I assume the following linear model for the outcome $Y$:
$$Y = \beta_0 + \beta_1 T + \beta_2 X + \beta_3 XT+\beta_4W+\beta_5Z+ \beta_6XZ + \beta_7ZT + \beta_8XZT+\varepsilon $$
Denote $X_T$ and $X_C$ for the value $X$ takes at the treatment and control occasions respectively, with the corresponding definitions for $W_T$ and $W_C$ as well as for $Y_T$ and $Y_C$. I take the difference between the outcome at the treatment and control occasions and get $$Y_T - Y_C = \beta_1 + \beta_2(X_T - X_C) + \beta_3 X_T + \beta_4(W_T - W_C) + \beta_6 Z (X_T - X_C) + \beta_7 Z + \beta_8 ZX_T +\varepsilon^*$$
Thus linear regression of $Y_T - Y_C$ on $X_T-X_C$, $X_T$, $W_T-W_C$, $Z(X_T-X_C)$, $Z$ and $ZX_T$ yields identification of some of the parameters in the model.

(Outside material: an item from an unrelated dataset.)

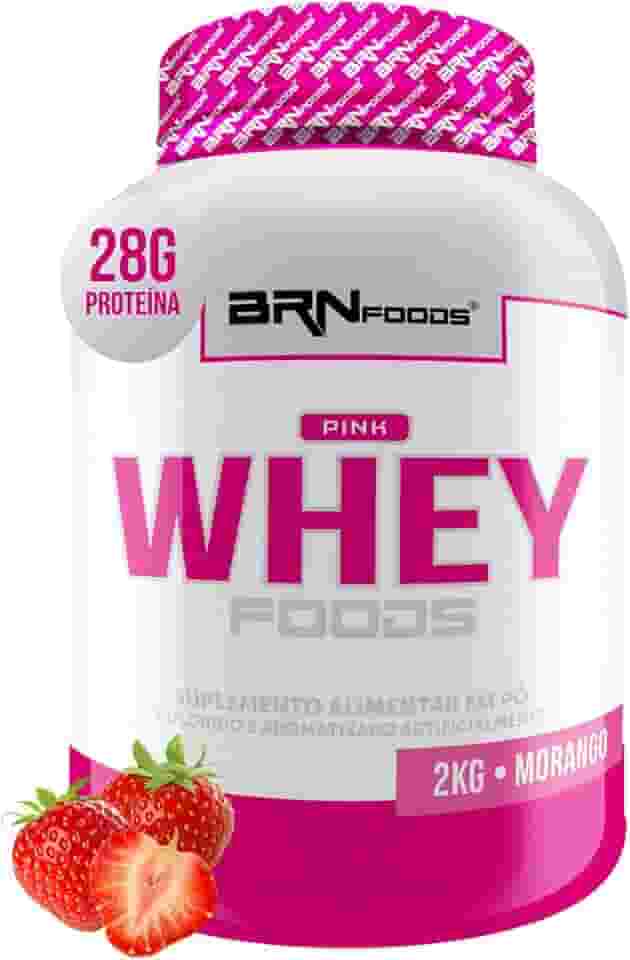 Pink Whey Protein Foods 2kg Morango- BRN Foods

Now, the coefficients of a model with interactions are always more complicated to interprete than those of a model without, so I want to also present the marginal effect of $X$ for different values of $Z$ and $T$. That is, I want to determine $\frac{\delta(Y_T-Y_C)}{\delta X}$ and get confidence intervals for those marginal effects of $X$ on $Y$ at different values of my dummy variables.
Had I had a more traditional linear regression model, I could have gotten this through the margins package in R. However, as $X$ is, in some sense, split into the $X_T$ and $X_C$ parts, said package can not (to my knowledge) be used for what I seek. I can get the manual point estimates by just adding the corresponding coefficients for the cases where $Z,T$ are 0 or 1, but the confidence intervals are proving tricky. Any suggestions would be much appreciated.